• Summary of Benedikt’s theory on Deconstructivist architecture (excerpt from Deconstructing the Kimbell, An Essay on Meaning and Architecture, Michael Benedikt, pp 1-8)
Benedikt states that Deconstructivist theory is ever present in architecture and will continue to be present. The ideas of Derrida and the name “deconstruction” may disappear but some of the philosophy and ideas will continue to be be used by architects now and into the future.
Benedikt believes that Derrida’s ideas are significant to Deconstructive Architecture and vice versa. He describes Derrida’s mission as exposing literary and metaphysical works and how they work. “The creation of presences” as he describes reveals the substance and truth of a text. He relates this to architecture saying the truths will be learned and revealed through construction. In architecture, Deconstruction helps reveal strategies for design and critical thought in architecture.
Benedict points out that Derrida did not study deconstructivist literature, he studied classical pieces and from there he formed his critiques and theories. This should be the same with architecture, we should not study what existing deconstructivists like Zaha Hadid, or Eisenmen analyzed but should take existing classical works or vernacular architecture and derive our own theories from it.
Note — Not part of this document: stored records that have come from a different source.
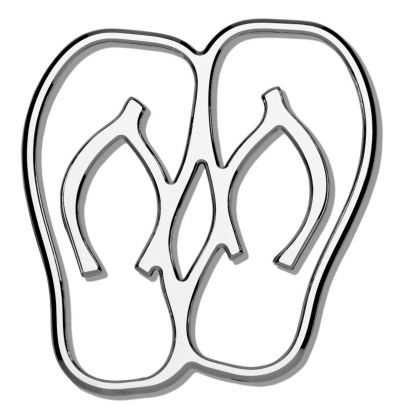 400x420 Flip Flops 3 D Chrome Plated Sticker, Flip Flop Stickers, 2925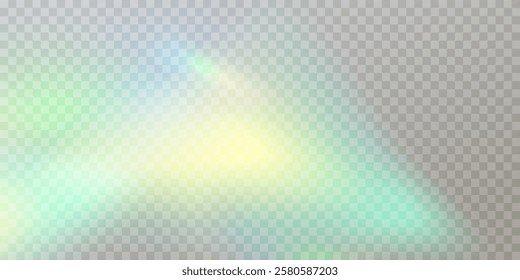 Colourful vector lens, crystal rainbow light and flare transparent effects.Overlay for backgrounds.Triangular prism concept.	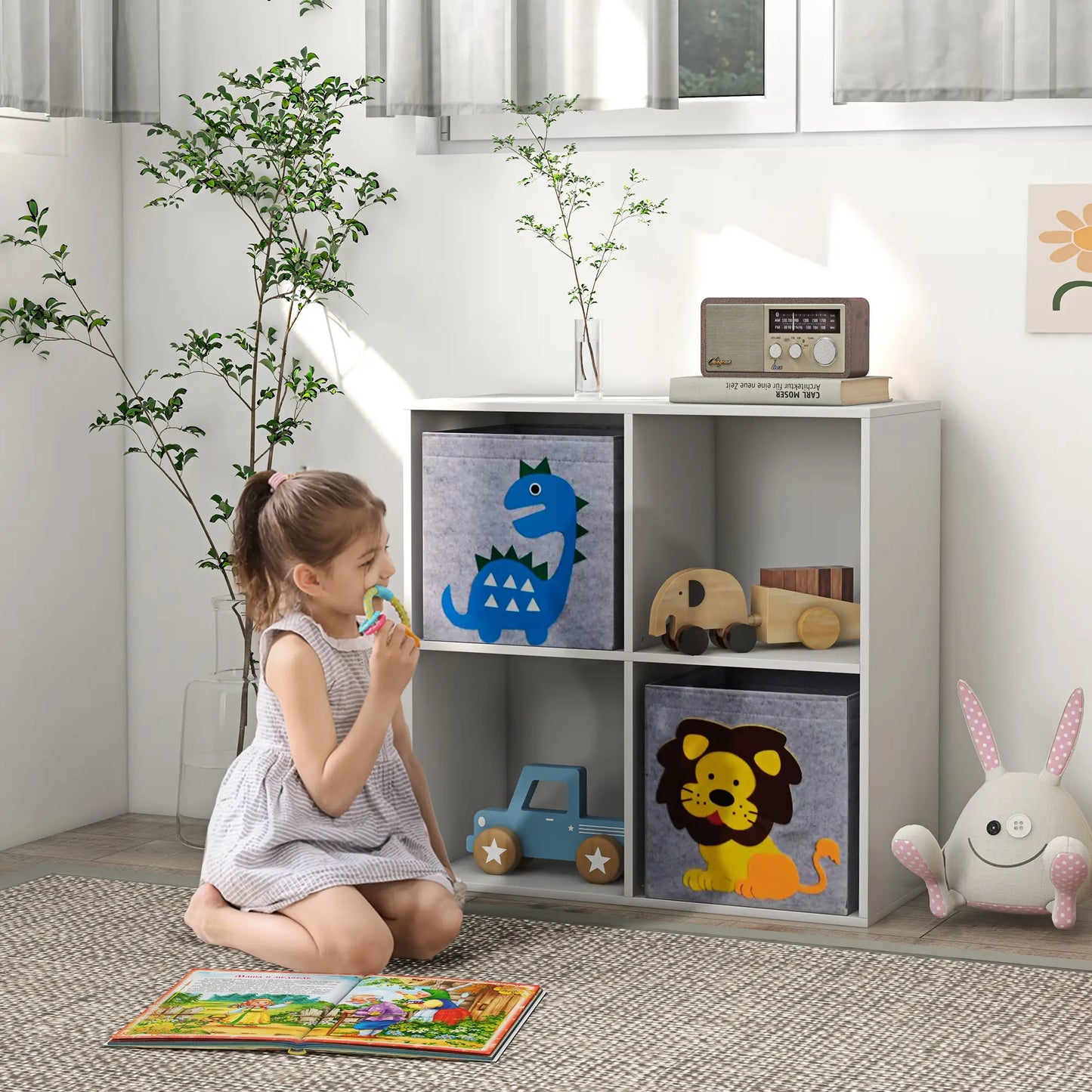 ZONEKIZ Kids Toy Storage Box with Two Non-Woven Fabric Drawers - White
Benedikt poses the question that if Deconstructivist buildings are themselves the actual critiques of other buildings – that they were text before they were buildings – why should we build if it compromises our rhetorical freedom? The entire history, meaning, method, process, grid, geometrical relationships that went into the design of a project is no longer evident in the built work of a non Deconstructivist project. This entire process is also no longer evident in the built work of a Deconstructivist project so therefore, the critical power lays in the first speaking and drawing of the ideas, the “textuality”. Benedikt describes this as the relationship between the text and the built work.
When reading Derrida’s work, Benedikt points out that his language has a rich spatial quality, naturally relating to architecture and the way the mind processes and analyzes a space.
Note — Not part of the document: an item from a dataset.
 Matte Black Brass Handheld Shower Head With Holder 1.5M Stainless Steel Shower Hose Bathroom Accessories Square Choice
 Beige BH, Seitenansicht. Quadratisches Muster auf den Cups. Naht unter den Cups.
• Compare Wigley’s and Benedikt’s approach/understanding of Deconstructivist architecture.
Wigley clearly states that he believes Deconstructivist architecture has no relation or should not be related to the philosophy of Derrida. He searches for a sort of experiential quality and evoking some type of reaction. Deconstruction is violent, clashing, angry, unsettling but the result is revealing, pure and stable. Benedikt strongly believes the philosophy of Derrida and Deconstructivist architecture go hand in hand. He sees it more as a learning tool or process, through his idea of the “creation of presences” in helping us understand better design strategies in architecture or to critique it. Both authors agree that it starts with an existing particular archetypical construction or expectation which is then analyzed and critiqued to reveal its form.
What is the relationship of deconstructivist architecture to your work? What is the relationship of deconstructivist architecture to sustainable design?
In a way I agree with Benedikt that deconstruction in architecture will continue to exist, as it has existed in the past as he explains through Louis Kahn’s work. That whole process of taking an existing way of construction, an idea, a preconceived notion and analyzing it to improve upon what it was before will always be a part of architecture. There is no more -isms in architecture today, that is agreed upon, so there are no more rules or styles to follow. What we can do is take what we already know and learned and improve upon it, and deconstruction is a way to allow us to do that. I am still learning about deconstructivist architecture and just starting to get a grasp on the ideas. Honestly, I am not quite sure how to relate the two other than the literal deconstruction of a building for the materials to be reused(that’s all that google can tell me) I am eager to see and learn how the relationship of deconstructive theory relates to sustainable design theory.